Why do we need Medical Terminologies ?

See Robert R. Hausam's 1996 article 'Vocabulary, Coding, and Concept Representation' for a concise explanation of what clinicians might want from their computers, and why terminology is needed to make it happen. The original copy is here.

The following extract is taken from a BJHC article (2000) entitled: 'Terminology, Codes, and Classifications - Why it's hard' by Prof AL Rector of the University of Manchester:

The need for controlled vocabulary or 'codes' has become so widely accepted that few stop to ask why they are using codes or specialised terminology in a given situation.

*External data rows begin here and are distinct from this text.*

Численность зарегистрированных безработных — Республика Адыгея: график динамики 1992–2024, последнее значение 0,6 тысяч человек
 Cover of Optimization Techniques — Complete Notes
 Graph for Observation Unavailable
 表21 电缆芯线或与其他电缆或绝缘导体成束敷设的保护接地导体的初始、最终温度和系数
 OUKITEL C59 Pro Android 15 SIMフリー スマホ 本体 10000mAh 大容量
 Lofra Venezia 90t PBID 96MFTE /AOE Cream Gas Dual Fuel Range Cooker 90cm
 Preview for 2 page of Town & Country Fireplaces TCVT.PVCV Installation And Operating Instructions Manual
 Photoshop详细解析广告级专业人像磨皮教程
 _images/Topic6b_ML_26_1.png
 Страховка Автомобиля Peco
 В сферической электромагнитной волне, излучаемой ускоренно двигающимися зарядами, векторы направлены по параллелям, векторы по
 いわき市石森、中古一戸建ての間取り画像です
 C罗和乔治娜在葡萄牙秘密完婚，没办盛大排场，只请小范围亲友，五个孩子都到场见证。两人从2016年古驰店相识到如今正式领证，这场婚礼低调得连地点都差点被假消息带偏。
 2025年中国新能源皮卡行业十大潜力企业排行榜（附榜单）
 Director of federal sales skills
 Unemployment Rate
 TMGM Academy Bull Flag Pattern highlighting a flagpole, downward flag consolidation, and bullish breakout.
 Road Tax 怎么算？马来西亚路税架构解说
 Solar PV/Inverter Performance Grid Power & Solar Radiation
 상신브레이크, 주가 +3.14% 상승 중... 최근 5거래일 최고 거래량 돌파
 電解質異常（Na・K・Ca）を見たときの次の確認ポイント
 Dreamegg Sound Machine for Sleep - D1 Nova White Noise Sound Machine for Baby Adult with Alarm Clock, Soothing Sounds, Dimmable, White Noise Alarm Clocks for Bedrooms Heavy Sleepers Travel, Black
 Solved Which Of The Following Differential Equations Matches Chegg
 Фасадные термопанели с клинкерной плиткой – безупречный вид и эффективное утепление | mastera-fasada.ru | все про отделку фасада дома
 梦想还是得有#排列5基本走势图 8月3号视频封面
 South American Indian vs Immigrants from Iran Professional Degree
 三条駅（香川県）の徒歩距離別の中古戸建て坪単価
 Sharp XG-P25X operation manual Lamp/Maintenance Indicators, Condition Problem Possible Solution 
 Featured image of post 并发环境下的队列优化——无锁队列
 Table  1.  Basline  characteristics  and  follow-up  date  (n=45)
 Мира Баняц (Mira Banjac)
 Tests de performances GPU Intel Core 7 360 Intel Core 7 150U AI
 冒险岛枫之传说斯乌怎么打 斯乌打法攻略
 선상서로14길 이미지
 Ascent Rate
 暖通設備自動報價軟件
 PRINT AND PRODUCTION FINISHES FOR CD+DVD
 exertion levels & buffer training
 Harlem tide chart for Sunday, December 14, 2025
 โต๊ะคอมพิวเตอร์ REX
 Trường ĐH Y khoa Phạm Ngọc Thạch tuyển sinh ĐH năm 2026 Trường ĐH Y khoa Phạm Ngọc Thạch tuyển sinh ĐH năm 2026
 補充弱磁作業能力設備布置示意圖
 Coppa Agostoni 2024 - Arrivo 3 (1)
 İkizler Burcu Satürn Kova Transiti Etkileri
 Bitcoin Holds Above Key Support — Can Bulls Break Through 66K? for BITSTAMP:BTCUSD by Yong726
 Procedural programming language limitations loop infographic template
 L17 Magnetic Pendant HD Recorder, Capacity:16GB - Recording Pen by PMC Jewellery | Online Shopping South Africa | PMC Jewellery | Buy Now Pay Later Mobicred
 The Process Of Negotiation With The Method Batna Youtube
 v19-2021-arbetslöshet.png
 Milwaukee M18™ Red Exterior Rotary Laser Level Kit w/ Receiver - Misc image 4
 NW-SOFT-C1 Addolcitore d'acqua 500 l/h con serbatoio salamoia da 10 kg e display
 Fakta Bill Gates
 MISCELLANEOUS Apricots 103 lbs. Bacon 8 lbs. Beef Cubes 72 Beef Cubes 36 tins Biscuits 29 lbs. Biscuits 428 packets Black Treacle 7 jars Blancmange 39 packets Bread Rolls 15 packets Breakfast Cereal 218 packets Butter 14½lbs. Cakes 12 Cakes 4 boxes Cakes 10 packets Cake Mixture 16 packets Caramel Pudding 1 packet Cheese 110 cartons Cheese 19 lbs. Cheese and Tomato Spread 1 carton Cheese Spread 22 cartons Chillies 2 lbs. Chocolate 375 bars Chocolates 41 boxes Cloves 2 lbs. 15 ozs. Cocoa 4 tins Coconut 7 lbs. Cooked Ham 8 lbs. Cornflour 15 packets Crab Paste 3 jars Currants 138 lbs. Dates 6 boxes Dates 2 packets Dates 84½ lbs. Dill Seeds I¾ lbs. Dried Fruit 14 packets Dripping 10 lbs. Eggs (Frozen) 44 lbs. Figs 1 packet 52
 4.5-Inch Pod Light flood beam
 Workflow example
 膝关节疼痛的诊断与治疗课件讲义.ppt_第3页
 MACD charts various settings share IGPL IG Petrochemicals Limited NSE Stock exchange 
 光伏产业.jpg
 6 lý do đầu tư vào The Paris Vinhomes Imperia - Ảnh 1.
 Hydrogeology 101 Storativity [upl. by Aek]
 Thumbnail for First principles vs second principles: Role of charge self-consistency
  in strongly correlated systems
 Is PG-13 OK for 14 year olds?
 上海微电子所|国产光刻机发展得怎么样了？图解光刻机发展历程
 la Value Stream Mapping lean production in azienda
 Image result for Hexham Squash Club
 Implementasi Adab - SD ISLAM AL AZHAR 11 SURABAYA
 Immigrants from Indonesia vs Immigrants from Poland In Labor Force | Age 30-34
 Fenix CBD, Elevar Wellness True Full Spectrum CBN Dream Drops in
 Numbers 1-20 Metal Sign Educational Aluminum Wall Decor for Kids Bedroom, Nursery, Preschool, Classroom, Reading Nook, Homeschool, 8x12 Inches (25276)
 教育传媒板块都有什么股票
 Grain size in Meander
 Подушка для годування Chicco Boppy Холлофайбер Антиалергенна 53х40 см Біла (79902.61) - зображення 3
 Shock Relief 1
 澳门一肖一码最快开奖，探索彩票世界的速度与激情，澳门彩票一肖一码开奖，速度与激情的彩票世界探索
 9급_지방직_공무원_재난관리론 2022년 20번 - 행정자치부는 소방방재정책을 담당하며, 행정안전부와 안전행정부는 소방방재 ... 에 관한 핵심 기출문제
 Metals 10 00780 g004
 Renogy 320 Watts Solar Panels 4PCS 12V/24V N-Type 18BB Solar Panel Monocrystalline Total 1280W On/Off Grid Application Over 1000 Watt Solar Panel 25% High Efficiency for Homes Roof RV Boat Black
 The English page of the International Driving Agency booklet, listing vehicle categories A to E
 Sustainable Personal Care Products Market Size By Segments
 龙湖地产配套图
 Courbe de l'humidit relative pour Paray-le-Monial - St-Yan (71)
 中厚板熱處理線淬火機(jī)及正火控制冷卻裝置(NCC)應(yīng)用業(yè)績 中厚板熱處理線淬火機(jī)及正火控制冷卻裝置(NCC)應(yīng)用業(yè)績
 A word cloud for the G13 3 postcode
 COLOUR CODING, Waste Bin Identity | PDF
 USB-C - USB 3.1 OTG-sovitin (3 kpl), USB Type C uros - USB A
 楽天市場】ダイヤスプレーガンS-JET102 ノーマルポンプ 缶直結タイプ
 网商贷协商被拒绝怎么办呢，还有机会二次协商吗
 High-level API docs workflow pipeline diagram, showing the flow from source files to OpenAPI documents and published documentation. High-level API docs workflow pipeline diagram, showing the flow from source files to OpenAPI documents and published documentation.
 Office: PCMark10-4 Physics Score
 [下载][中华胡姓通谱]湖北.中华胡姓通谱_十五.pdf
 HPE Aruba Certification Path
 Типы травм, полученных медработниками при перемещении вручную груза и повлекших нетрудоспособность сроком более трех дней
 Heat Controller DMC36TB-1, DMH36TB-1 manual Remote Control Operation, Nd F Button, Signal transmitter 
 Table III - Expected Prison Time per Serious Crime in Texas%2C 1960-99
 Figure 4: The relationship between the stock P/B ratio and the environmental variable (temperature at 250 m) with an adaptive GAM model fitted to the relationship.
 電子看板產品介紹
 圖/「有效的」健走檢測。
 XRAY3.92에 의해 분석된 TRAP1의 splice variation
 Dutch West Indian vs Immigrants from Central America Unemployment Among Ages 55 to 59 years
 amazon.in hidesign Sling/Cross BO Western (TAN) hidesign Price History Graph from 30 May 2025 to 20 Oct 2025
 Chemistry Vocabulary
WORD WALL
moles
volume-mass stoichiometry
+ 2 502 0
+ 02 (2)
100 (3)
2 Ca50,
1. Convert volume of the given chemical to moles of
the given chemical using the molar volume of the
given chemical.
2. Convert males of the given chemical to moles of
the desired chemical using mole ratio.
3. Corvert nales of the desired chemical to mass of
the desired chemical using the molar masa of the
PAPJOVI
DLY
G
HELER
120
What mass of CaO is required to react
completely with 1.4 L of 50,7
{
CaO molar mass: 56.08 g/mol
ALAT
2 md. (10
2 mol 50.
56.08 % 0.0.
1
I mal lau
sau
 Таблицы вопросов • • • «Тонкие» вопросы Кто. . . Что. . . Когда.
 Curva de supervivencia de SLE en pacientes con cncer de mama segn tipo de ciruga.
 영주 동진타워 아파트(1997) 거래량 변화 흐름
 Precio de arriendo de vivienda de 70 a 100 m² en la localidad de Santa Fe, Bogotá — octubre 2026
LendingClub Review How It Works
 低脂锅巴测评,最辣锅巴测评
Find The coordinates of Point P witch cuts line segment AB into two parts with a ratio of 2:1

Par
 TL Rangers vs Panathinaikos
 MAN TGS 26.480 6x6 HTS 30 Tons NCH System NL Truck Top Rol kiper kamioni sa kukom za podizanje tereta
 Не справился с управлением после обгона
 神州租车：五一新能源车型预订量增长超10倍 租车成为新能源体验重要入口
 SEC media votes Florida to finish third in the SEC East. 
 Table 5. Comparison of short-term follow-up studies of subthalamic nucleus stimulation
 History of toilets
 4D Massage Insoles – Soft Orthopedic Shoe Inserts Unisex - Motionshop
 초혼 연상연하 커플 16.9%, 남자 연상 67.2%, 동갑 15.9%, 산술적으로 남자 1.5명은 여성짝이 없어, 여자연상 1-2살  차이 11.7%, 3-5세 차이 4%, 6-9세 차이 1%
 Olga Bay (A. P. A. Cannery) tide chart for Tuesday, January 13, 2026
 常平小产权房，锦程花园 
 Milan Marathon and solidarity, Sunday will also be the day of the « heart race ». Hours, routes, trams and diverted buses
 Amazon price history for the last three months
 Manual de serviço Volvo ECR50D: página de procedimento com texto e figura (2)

Today, we would like terminology to support at least four functions:

  1. Clinical data capture and presentation - letting healthcare professionals enter, store, and review what would otherwise be written in the clinical notes
  2. Information integration, indexing, retrieval - linking clinical records, decision support, quality assurance, and other information, e.g. through the UK National Electronic Library of Medicine.
  3. Messaging between software systems - linking laboratory and hospital information systems or sending prescriptions from prescriber to dispenser to the Prescription Pricing Authority
  4. Reporting - providing the official returns in whichever coding system is required

In attempting to fulfil the first two functions, terminology must straddle the line between the flexible context-sensitive world of human language and the rigid logical world of software. It must be quick and flexible for users and rigid and well defined for software. A tall order, especially because even without computers, healthcare language presents difficulties. There are many natural dialects used by different healthcare professionals and specialities. Communication between people is often imperfect, and misunderstandings are common.

When people first began to count and index clinical phenomena, they needed solutions to the ambiguity of ordinary language. Three groups drove the early development of clinical terminologies - epidemiologists, librarians, and accountants. The epidemiologists gave us ICD, ICPC, OPCS , etc; the librarians gave us MeSH; the accountants adapted the epidemiologists codes, e.g. ICD9-CM or invented their own such as DRGs. When computers became available, they were applied to these tasks, but merely to automate what had previously been done manually. The impact on patient care was minimal, and almost all data was entered by special staff.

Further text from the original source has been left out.